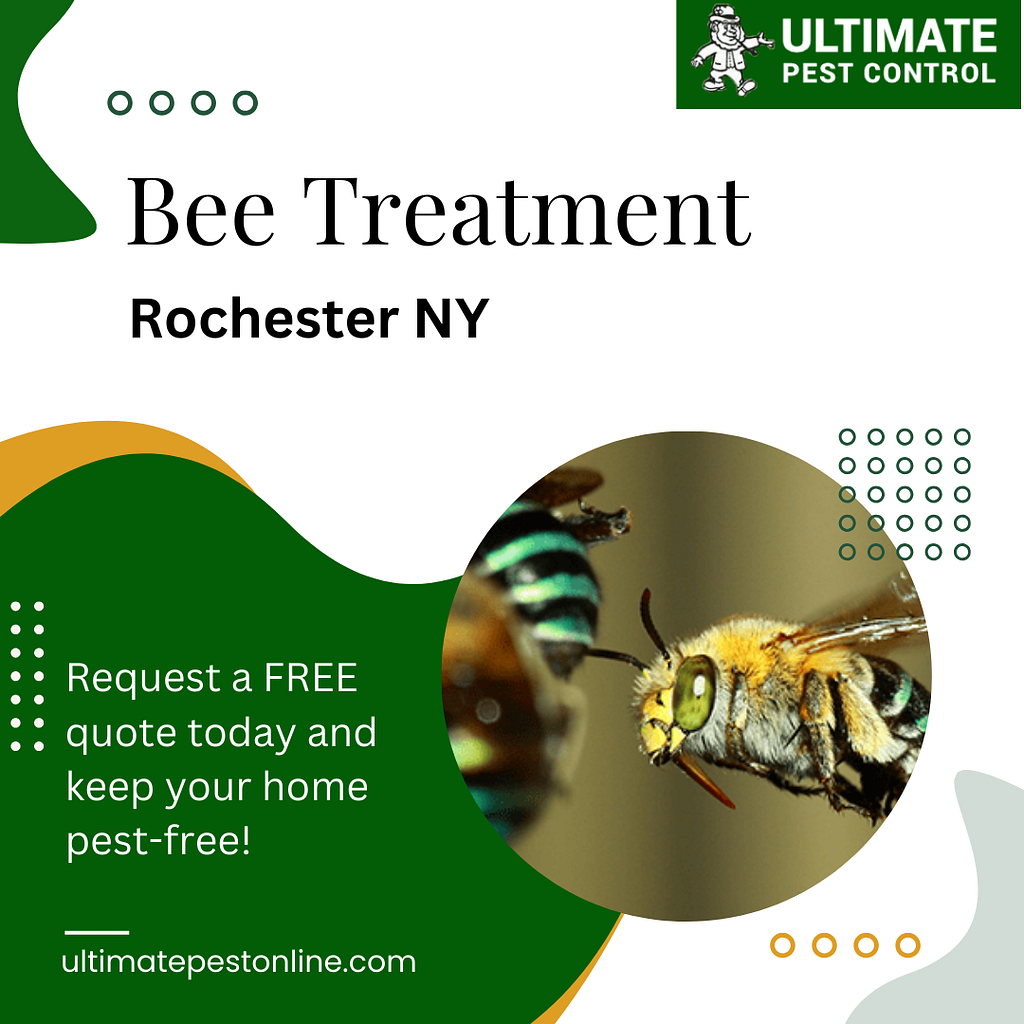 Bee Treatment Rochester NY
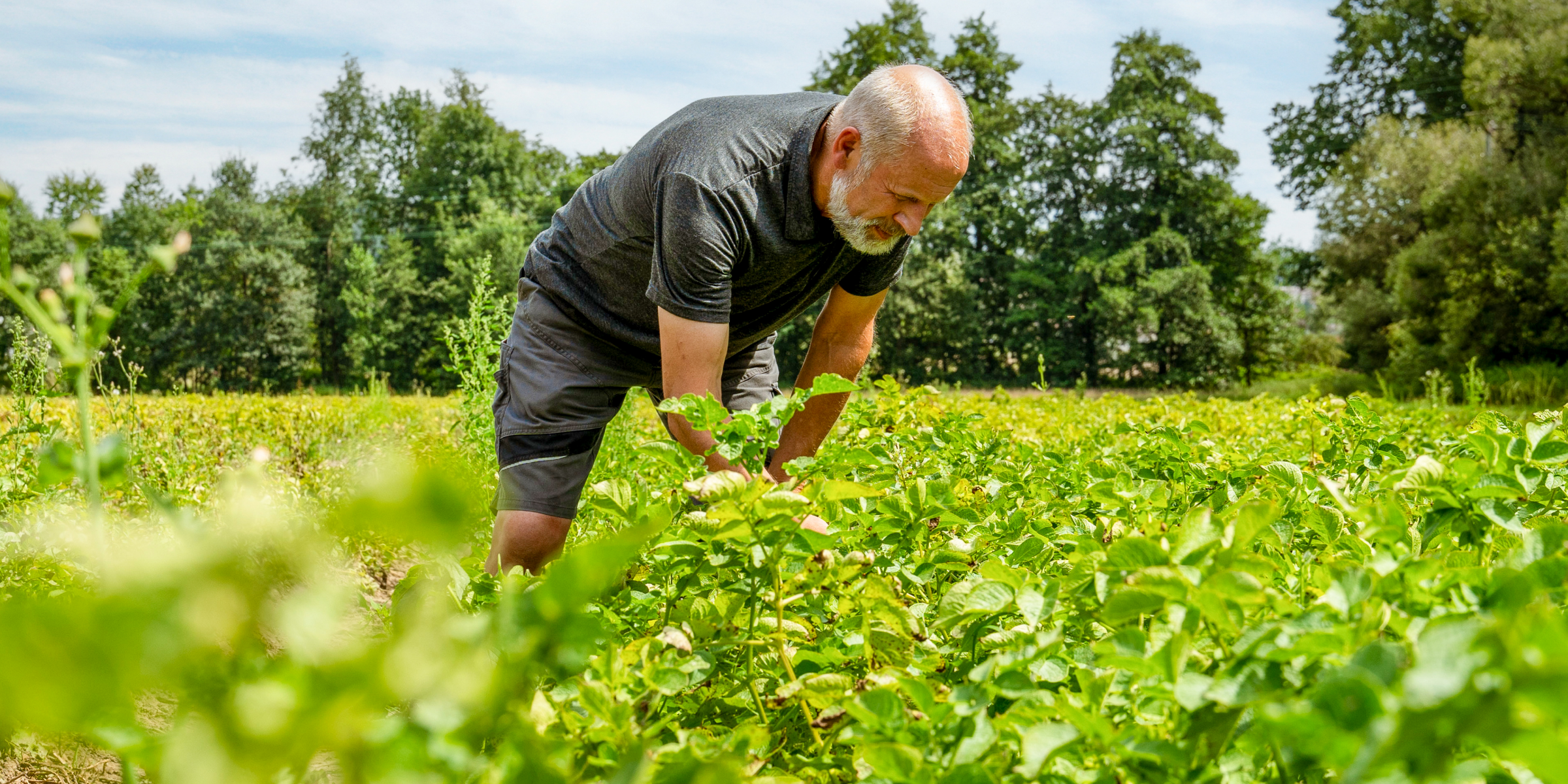 Landwirt Reinhard Brunner beugt sich über ein üppiges Feld und überprüft die Pflanzen, umgeben von grüner Natur und Bäum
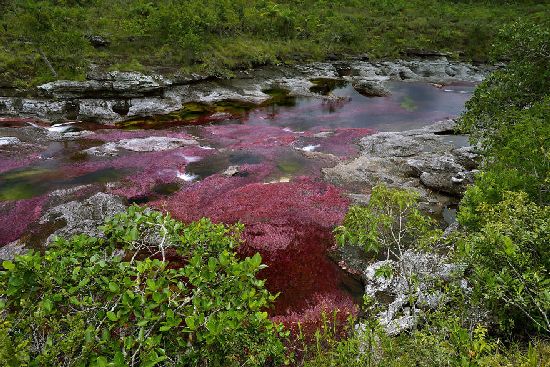  photo cano-cristales-liquid-rainbow-olivier-grunewald-03__880.jpg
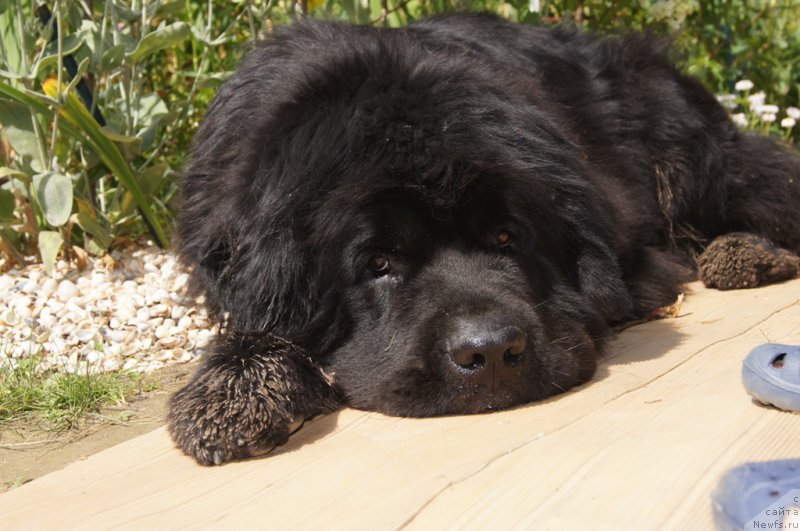 Фото: ньюфаундленд Beguschaya po Volnam Foget Mi Not (Бегущая по Волнам Фогет Ми Нот)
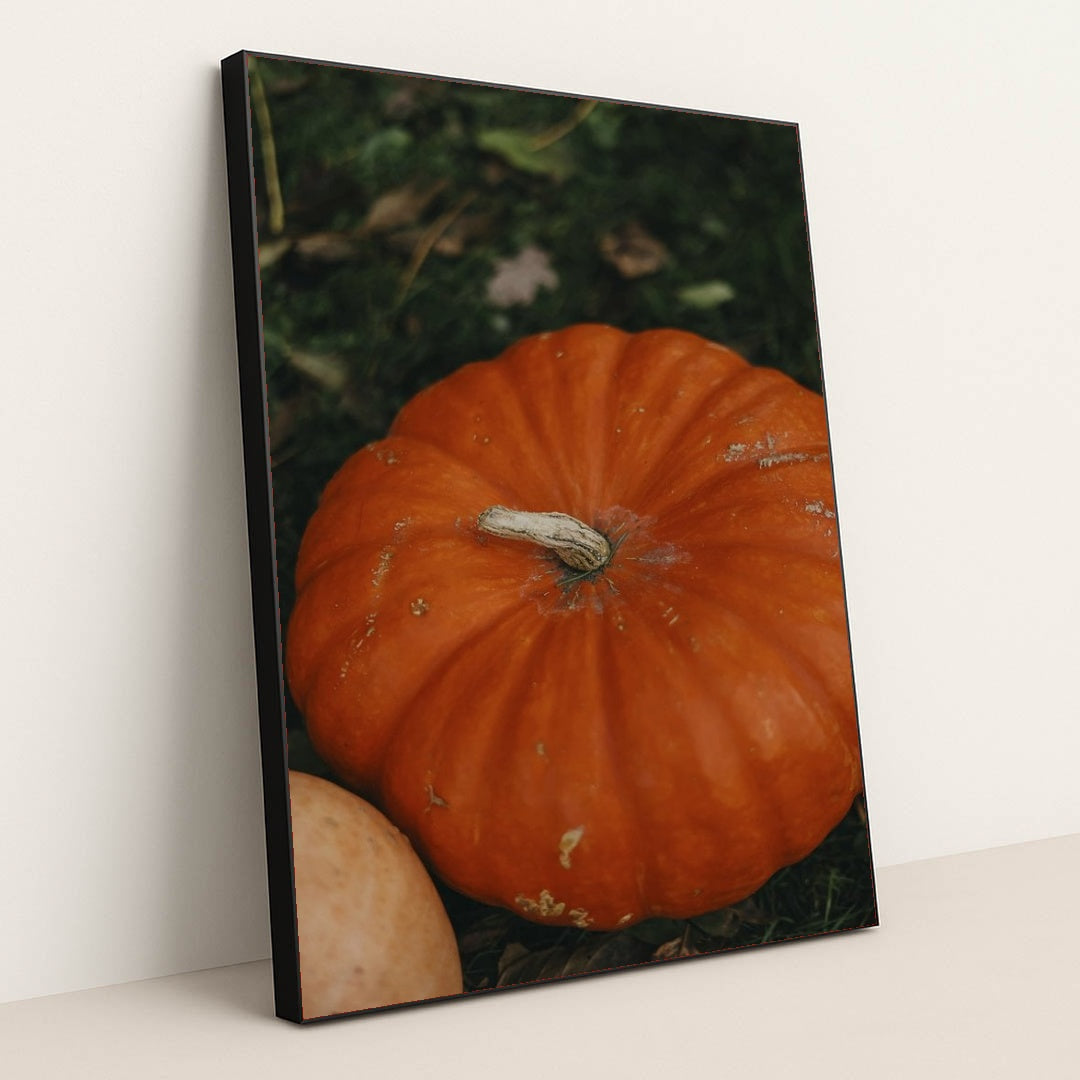 7090329714723 - Product Image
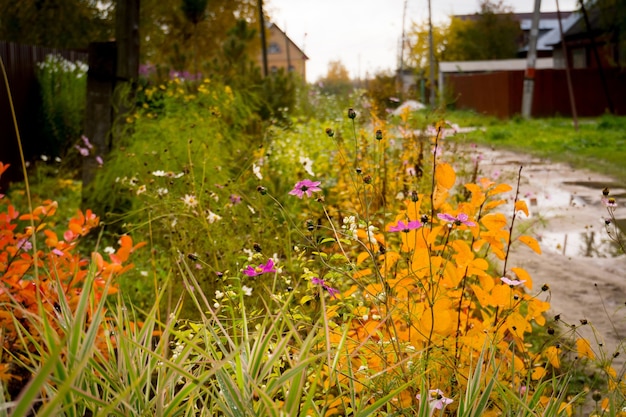 Green grass and flowers during early autumn season.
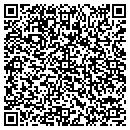 QR code with Premiere IOP contacts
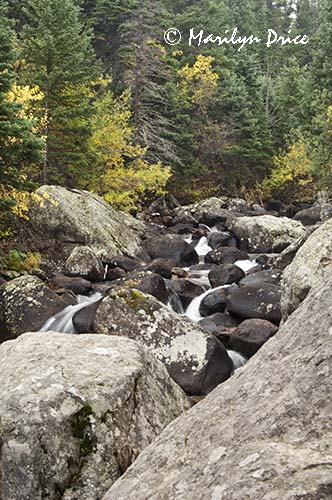 St. Vrain Creek, Ouzel Falls Trail, Rocky Mountain National Park, CO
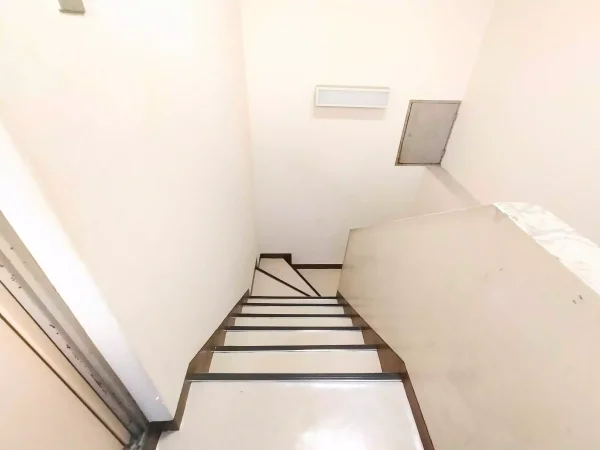 建物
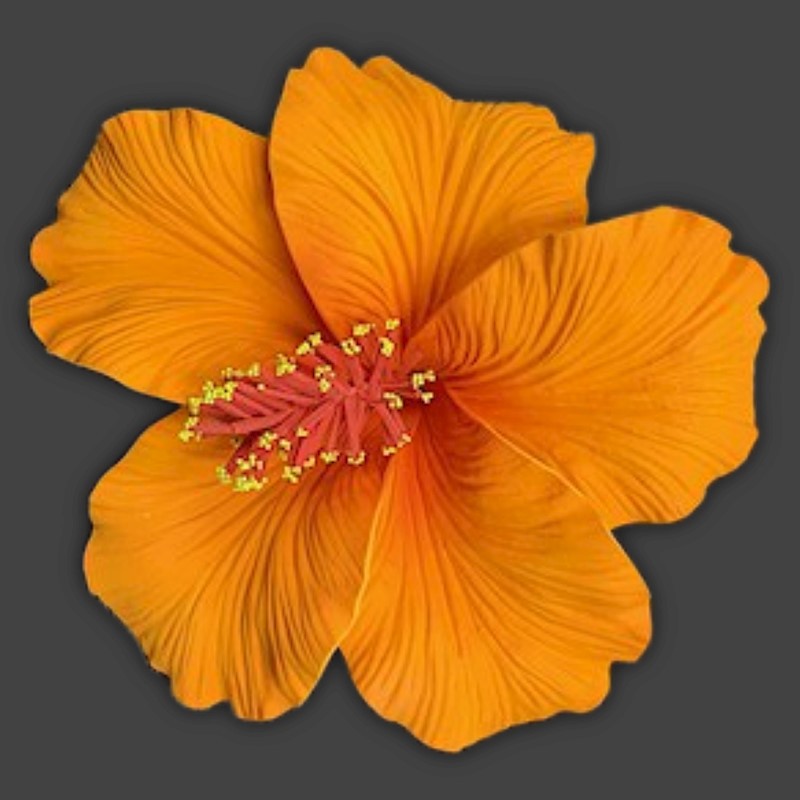 Foam Hibiscus Pick
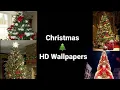 Christmas tree Wallpapers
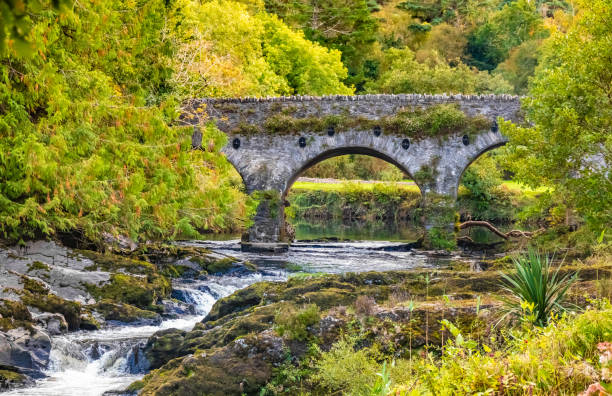 istock Old bridge (1777), Sheen Falls, Kenmare, County Kerry, Ireland 1081929566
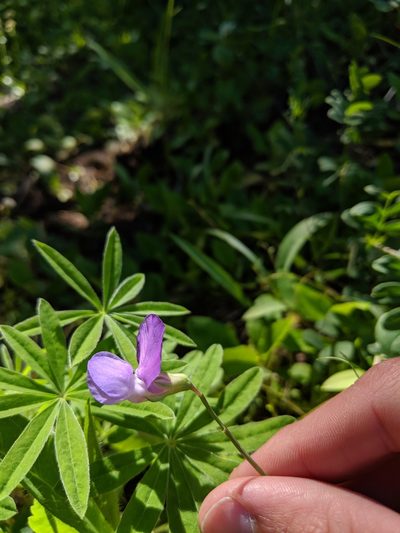 Lathyrus pauciflorus, photographed by Patrick Sowers
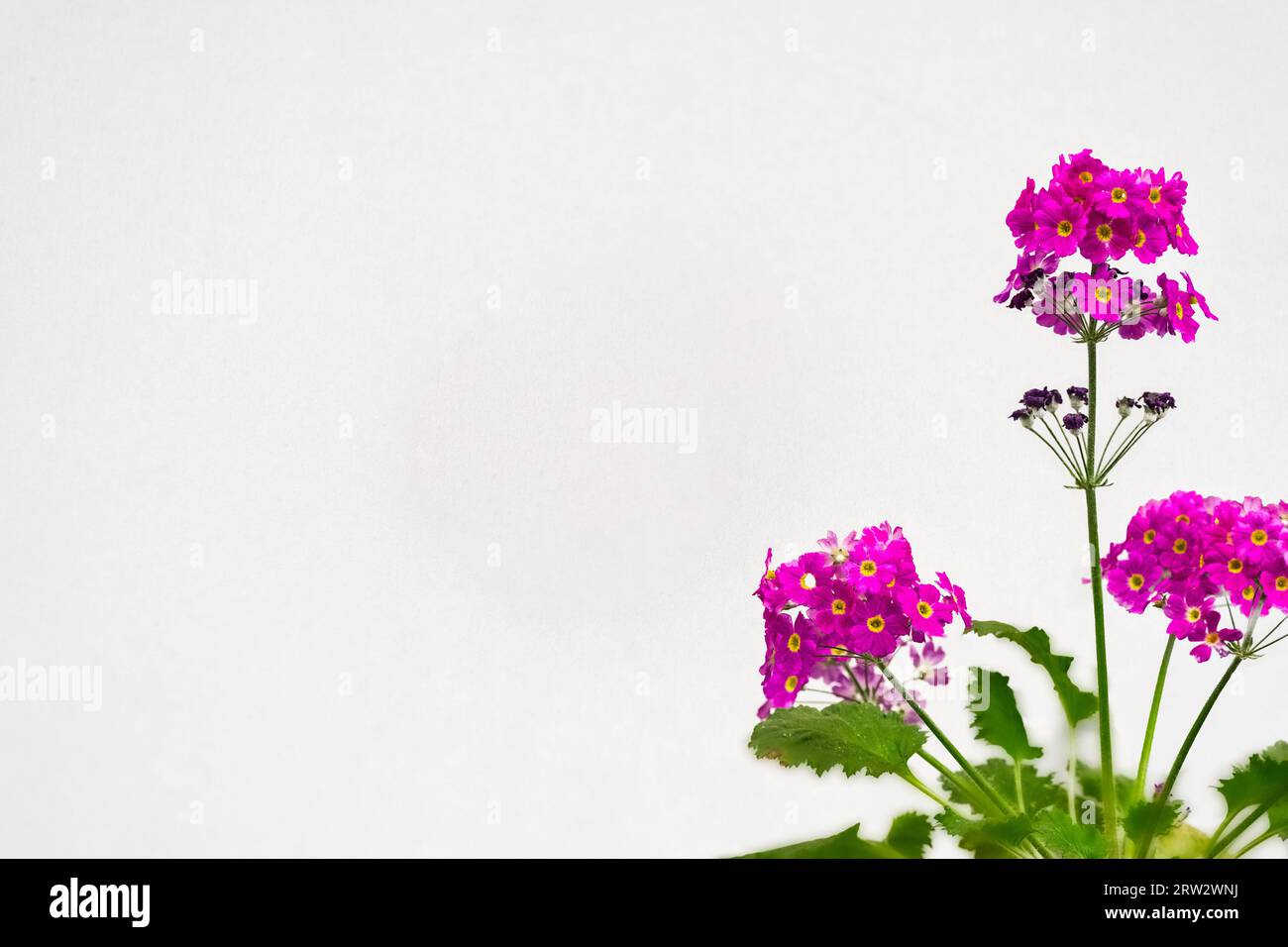 A close-up photograph of Fairy Primrose (Primula malacoides) against an isolated white background in stock photos. Space is available for text, symbol Stock Photo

**Aim of the exercise**
None of the pictures should be reproduced; all other material above must be set down exactly.

**Worked solution**
 Bee Treatment Rochester NY
 Landwirt Reinhard Brunner beugt sich über ein üppiges Feld und überprüft die Pflanzen, umgeben von grüner Natur und Bäum
  photo cano-cristales-liquid-rainbow-olivier-grunewald-03__880.jpg
 Фото: ньюфаундленд Beguschaya po Volnam Foget Mi Not (Бегущая по Волнам Фогет Ми Нот)
 7090329714723 - Product Image
 Green grass and flowers during early autumn season.
 QR code with Premiere IOP contacts
 St. Vrain Creek, Ouzel Falls Trail, Rocky Mountain National Park, CO
 建物
 Foam Hibiscus Pick
 Christmas tree Wallpapers
 istock Old bridge (1777), Sheen Falls, Kenmare, County Kerry, Ireland 1081929566
 Lathyrus pauciflorus, photographed by Patrick Sowers
 A close-up photograph of Fairy Primrose (Primula malacoides) against an isolated white background in stock photos. Space is available for text, symbol Stock Photo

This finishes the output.